I chuckle. The picture has every color in the rainbow on it. Indecipherable shapes and squiggles fill the page.

Ty almost rolls his eyes, as if anyone should clearly be able to tell what this picture so obviously portrays. He obliges her and describes in detail what he drew—the baby goats, Granger, Paisley, him, me, and Em all at the farm.

And that’s when it hits me. I have to get her back. I don’t know how. But there’s no doubt she belongs here.

42

MALLORY (EM)

Ty holds up the drawing. I feel the pressure building behind my eyes. He points to each doodle, saying, “Dis is me. Dis is Pay Pay. Dis is Uncle Aiden. And dis is you, Em. You da one wit the orange hair.”

I chuckle. This boy. The whole time Ty has been rambling on, Aiden hasn’t taken his eyes off the screen—off me. What does it mean? Is he missing me the way I miss him?

“That’s a beautiful drawing,” I tell Ty.

“Tank you.”

“I drew something at school,” Paisley says.

It’s huge that she offers this personal piece of information. Usually she lets us fawn over Ty. She gathers up crumbs of attention vicariously, never wanting to move the spotlight directly onto herself. Aiden and I share a glance and knowing smiles.

“May I see it?” I ask. “It’s up to you. You don’t have to share it.”

Ty pushes her, as he always does. “You show it, Pay Pay.”

She looks at him and nods as she disappears from the screen to go retrieve her artwork.

“When you come see the baby goats?” Ty asks innocently.

“Ummm.” I look to Aiden for help.

“She lives far away now, Ty. It takes flying on a plane to go where she is. She can’t just come visit easily even though we miss her.”

We. Aiden didn’t sayyou. He saidwe. He already told me he missed me. Hearing it again, the way he so easily confesses his feelings to Ty, tugs at me. Why can’t I come visit? I could. I have five more days until I start work.

But would a visit from me only stir things up for them? Nothing in me wants to stay here in Boston. Gabriela is the only thing holding me here and I don’t even see her daily.
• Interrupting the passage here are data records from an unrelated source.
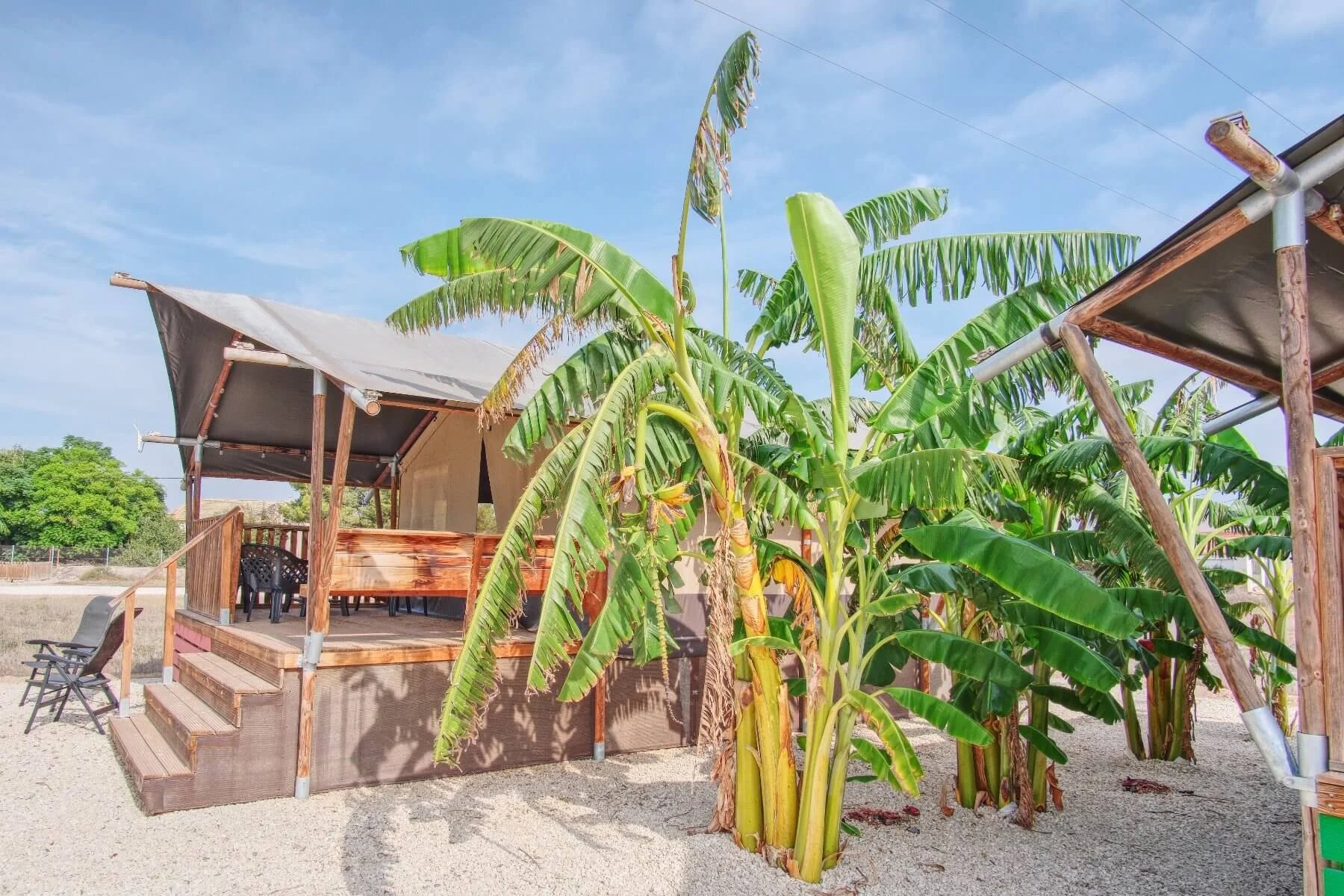 Villa en vente à Dolores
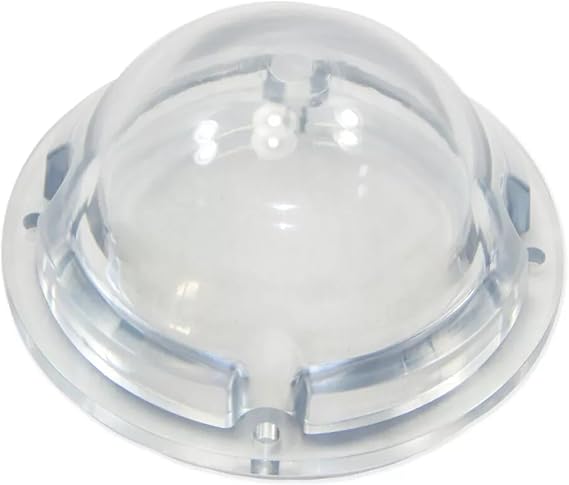 RTSC3/2 Bubble Sensor Cover for Wacker Neuson Compactor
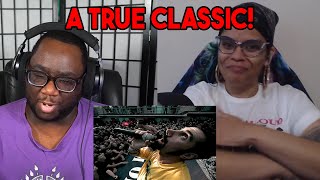 System Of A Down - Chop Suey (Official Video) Reaction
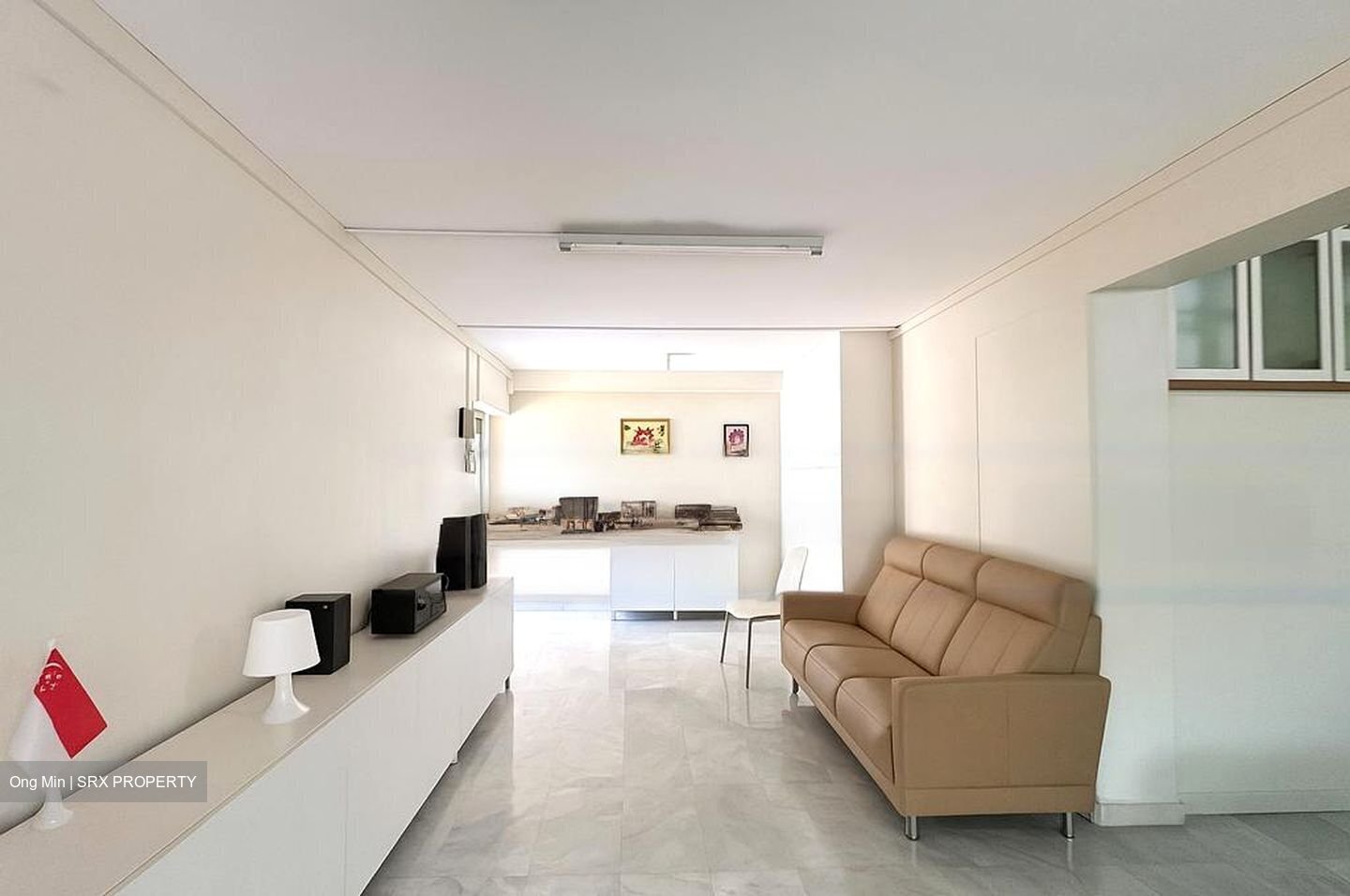 Blk 521 Pangshan Valley (Bukit Panjang), HDB Executive #457550051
Paisley shows me a beautiful drawing she did of a bird in a tree. We all gush over it. And we laugh when Ty asks me, “You know it’s a bird, wite?”

“I can tell.”

He nods like he’s satisfied I’m not a complete moron. I want to scoop him up and hold him, to kiss his forehead at night, to smell his after-bath baby-boy smell while I read him a story. Aiden stares at me with a soft smile on his lips as if he can read my mind.

We talk a little more while the kids finish their snacks. When the conversation hits a lull, I tell them I have to go.